In August 2018 the economy of Turkey trembled owing to the massive depreciation of Lira that greatly hit many sectors, especially construction. Building permits also dropped sharply last year, after historical peaks a year earlier, but completion of buildings in terms of floor area rose by 5%. This trend continues in 2019, but housing sales declined by 20% in the first five months, together with large decreases in real housing prices.Further, building material output registered a more than 20% drop within a year until May 2019. Construction companies experience a hard time and those active in civil engineering have decreasing workloads due to the presidential decree (issued in October 2018) not to tender new projects except for priority ones. Plus, the budget to central and local governments for projects this year is less than last year. Against this backdrop, recovery in the construction sector can only begin in 2021.
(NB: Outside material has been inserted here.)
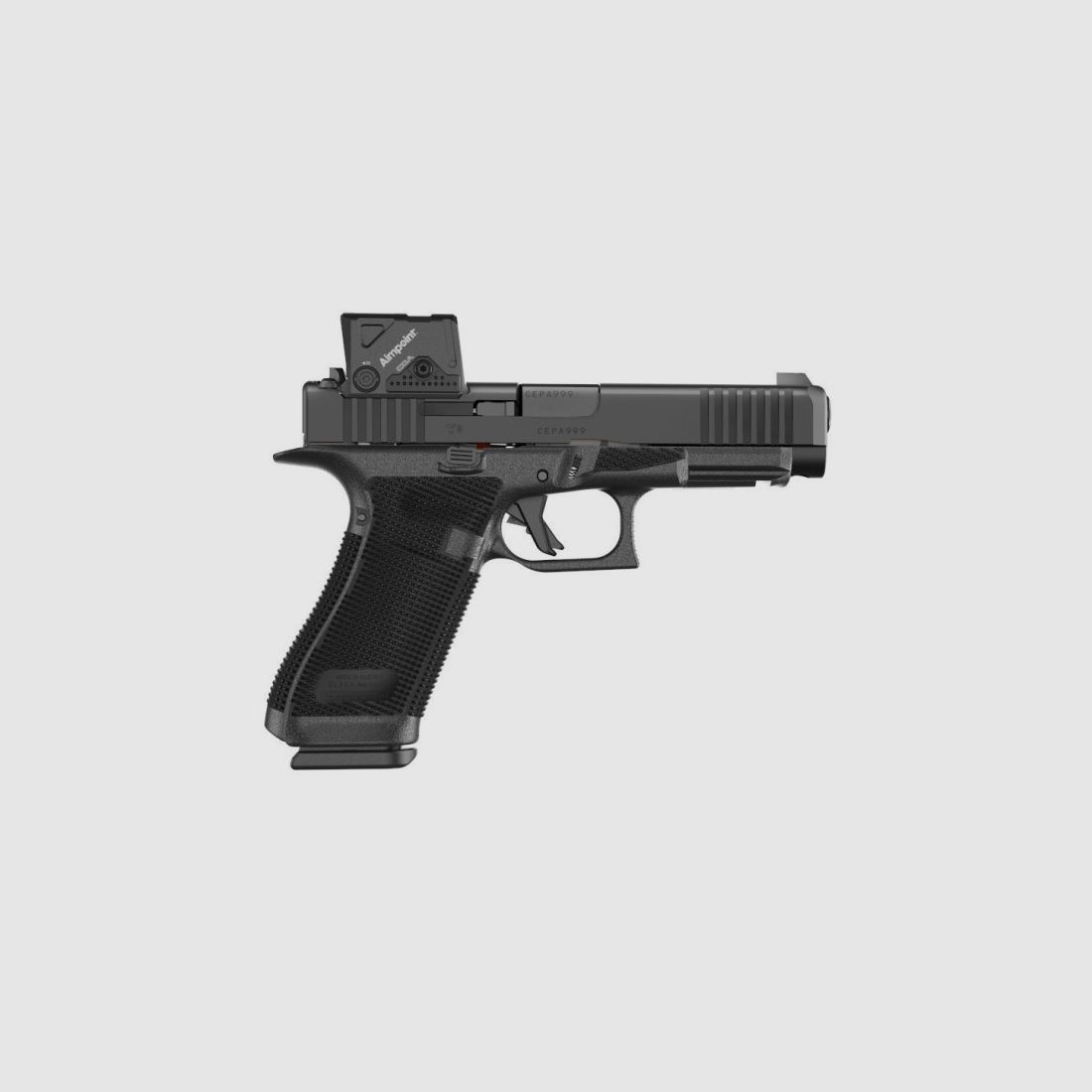 GLOCK 19 GEN 6 OR FS A-CUT COMBO AIMPOINT COA KAL 9X19, afbeelding 1 van 4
The Ukrainian construction industry has all the conditions for a sustainable growth in the future by an estimated 6.8% rise this year, a 3.6% increase in 2020 and a 7.2% growth in 2021. A positive trend is the systemic state support for the industry, including more transparent and clear rules of the game in the construction market, simplification of permits, and powerful investment support, especially in civil engineering. Hindering construction industry, and the economy as a whole, though, is the lack of financing. The slight drop in residential construction is offset by the growth of non-residential and civil engineering subsectors.